Records for the exercise.
--- START ---

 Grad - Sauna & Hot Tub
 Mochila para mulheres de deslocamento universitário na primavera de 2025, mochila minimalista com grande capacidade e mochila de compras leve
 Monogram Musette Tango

--- END ---
--- START ---

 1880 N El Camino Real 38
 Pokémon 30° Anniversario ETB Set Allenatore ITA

--- END ---
--- START ---

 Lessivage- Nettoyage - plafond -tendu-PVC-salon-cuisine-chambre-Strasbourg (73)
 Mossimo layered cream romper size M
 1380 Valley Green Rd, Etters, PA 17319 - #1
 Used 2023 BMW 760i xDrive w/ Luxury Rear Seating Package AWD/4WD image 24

--- END ---

Exercise aim.
In the listing above, find the line with "Grad - Sauna & Hot Tub" and the line with "Monogram Musette Tango"; set down exactly those two lines and every line between them, nothing more.

Your solution.
 Grad - Sauna & Hot Tub
 Mochila para mulheres de deslocamento universitário na primavera de 2025, mochila minimalista com grande capacidade e mochila de compras leve
 Monogram Musette Tango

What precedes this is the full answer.